DATASET CONTENT:
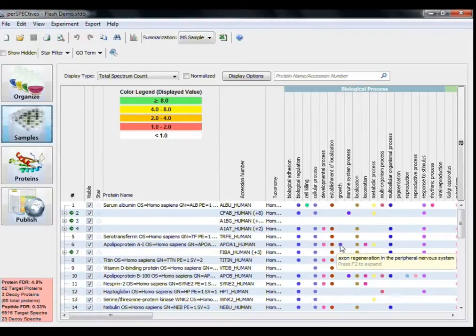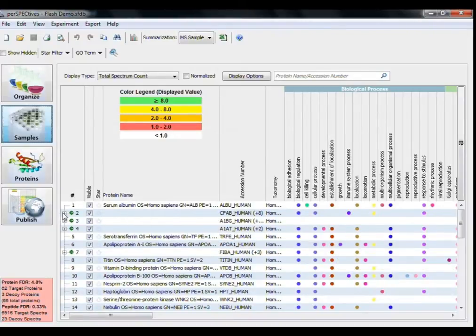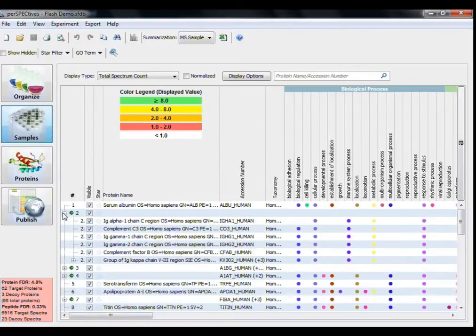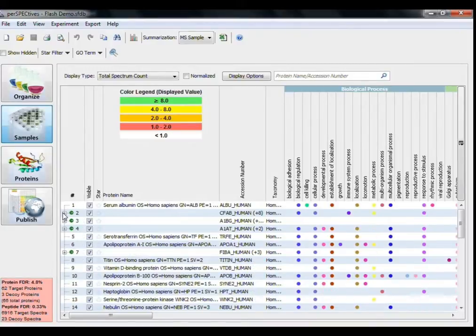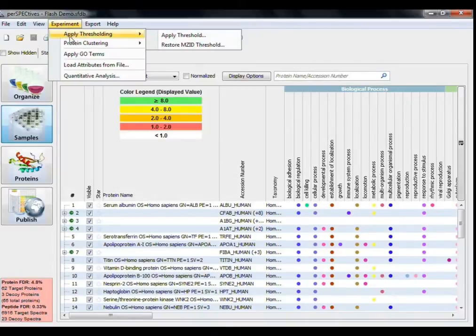I have also enabled one of Perspectives' unique features, protein clustering by GoTerm. To apply other types of clustering, click the Experiment drop-down menu here at the top.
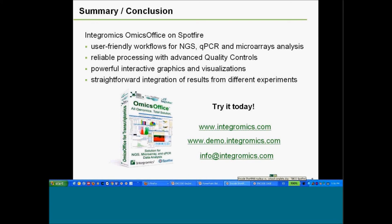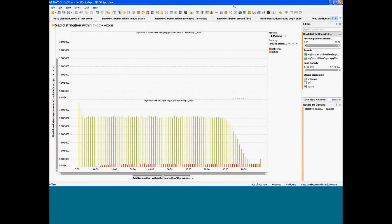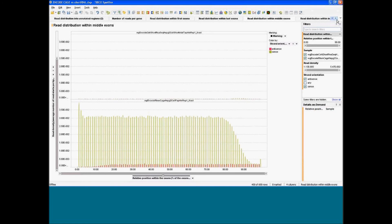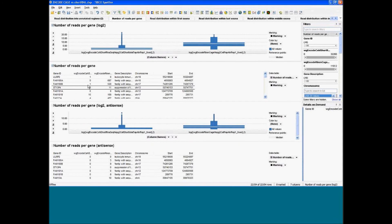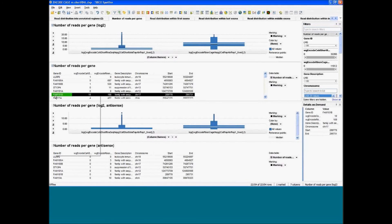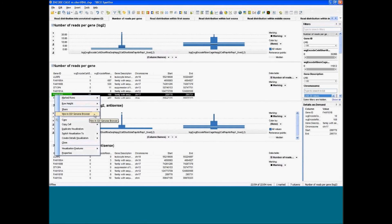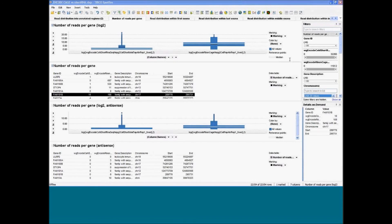Yes. It's not in the same Spotfire window, but you can see reads on the genome. You have a list of genes — for instance the total read count per gene. If you select a specific gene, you right-click and launch the IGV genome browser. That opens IGV, loads the read data, and focuses automatically on that gene.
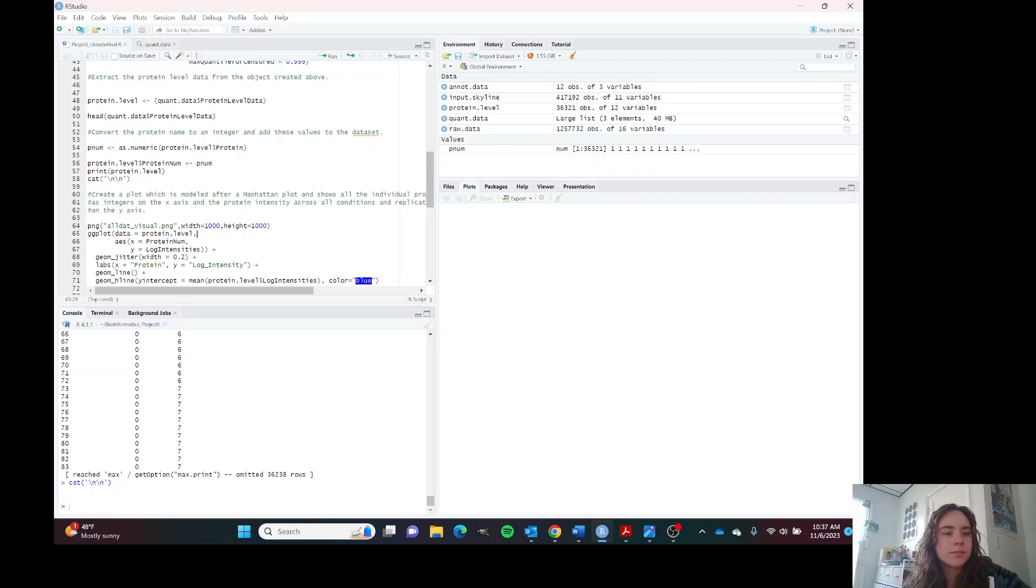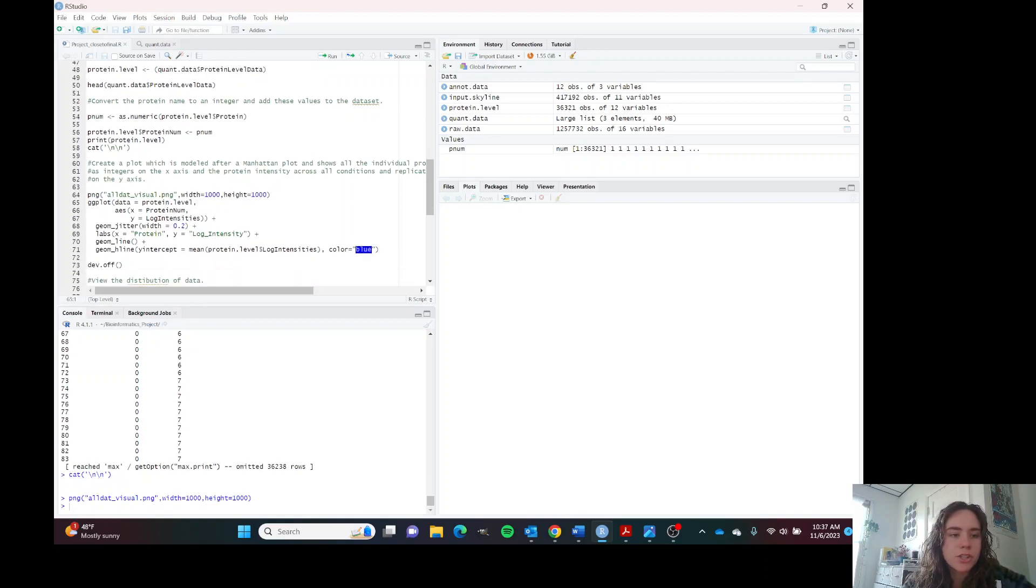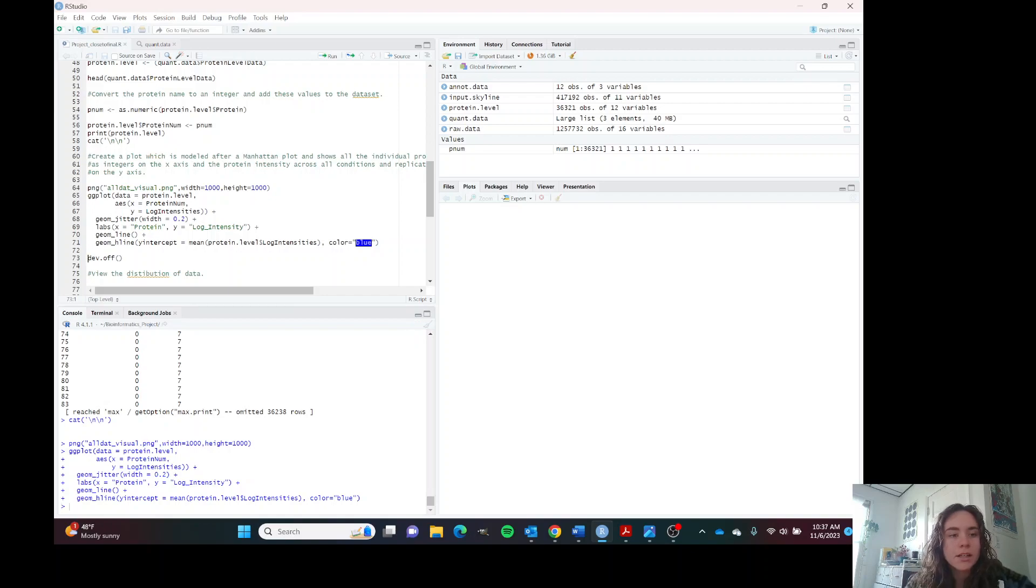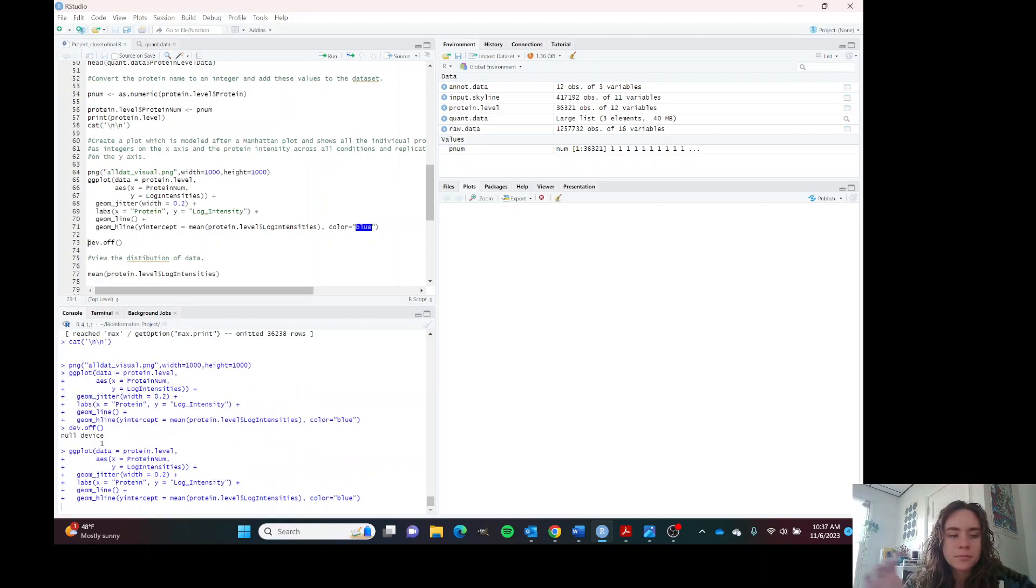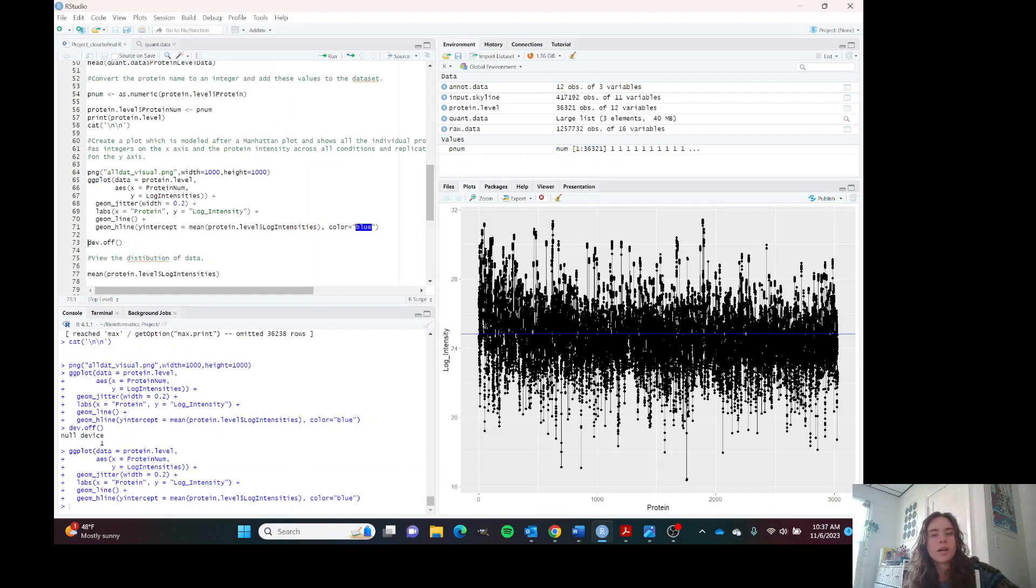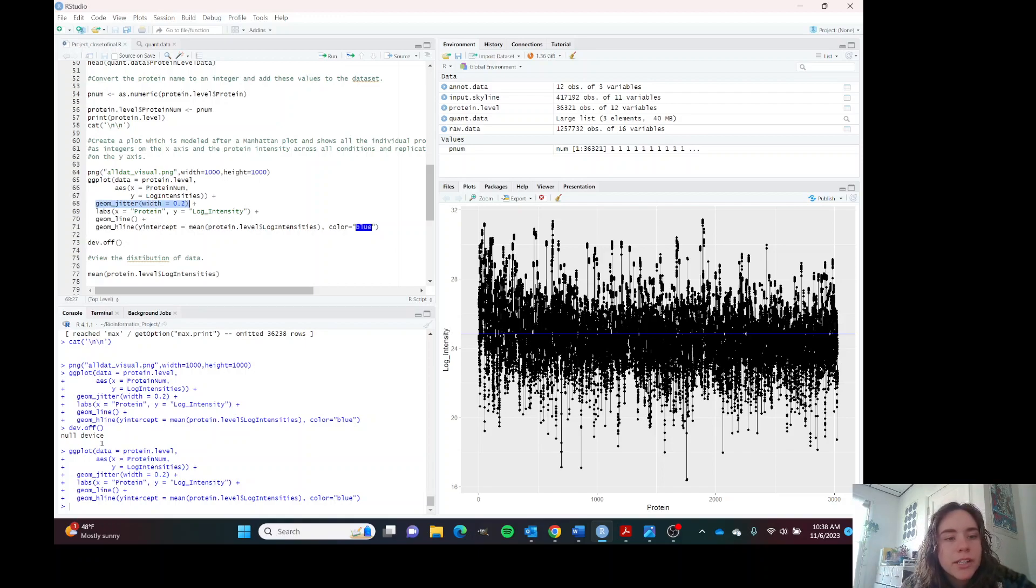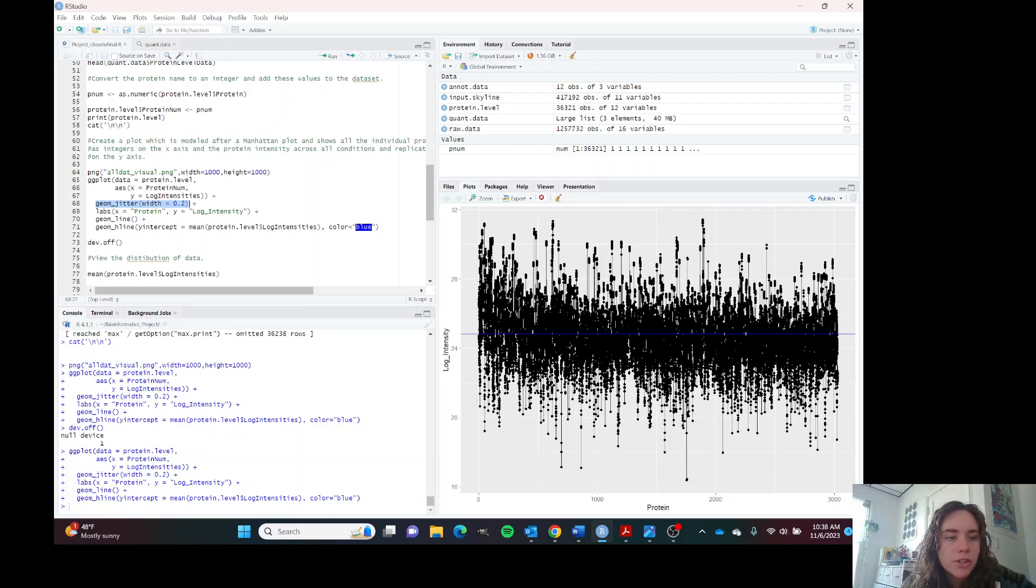Now we can create our plot. I'm going to run this plot and while it's doing that I'm going to talk about what it should look like and why. We're using our protein level data. Our protein numbers are on the x-axis and our protein intensities are on the y-axis. This allows us to create some randomness with the plots so that we can see more individual plots because a lot of them are on top of each other.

REQUIRED ACTION:
Every line of the listing above is to be retyped exactly, but the pictures are to be dropped.

RESPONSE BELOW:
I have also enabled one of Perspectives' unique features, protein clustering by GoTerm. To apply other types of clustering, click the Experiment drop-down menu here at the top.
Yes. It's not in the same Spotfire window, but you can see reads on the genome. You have a list of genes — for instance the total read count per gene. If you select a specific gene, you right-click and launch the IGV genome browser. That opens IGV, loads the read data, and focuses automatically on that gene.
Now we can create our plot. I'm going to run this plot and while it's doing that I'm going to talk about what it should look like and why. We're using our protein level data. Our protein numbers are on the x-axis and our protein intensities are on the y-axis. This allows us to create some randomness with the plots so that we can see more individual plots because a lot of them are on top of each other.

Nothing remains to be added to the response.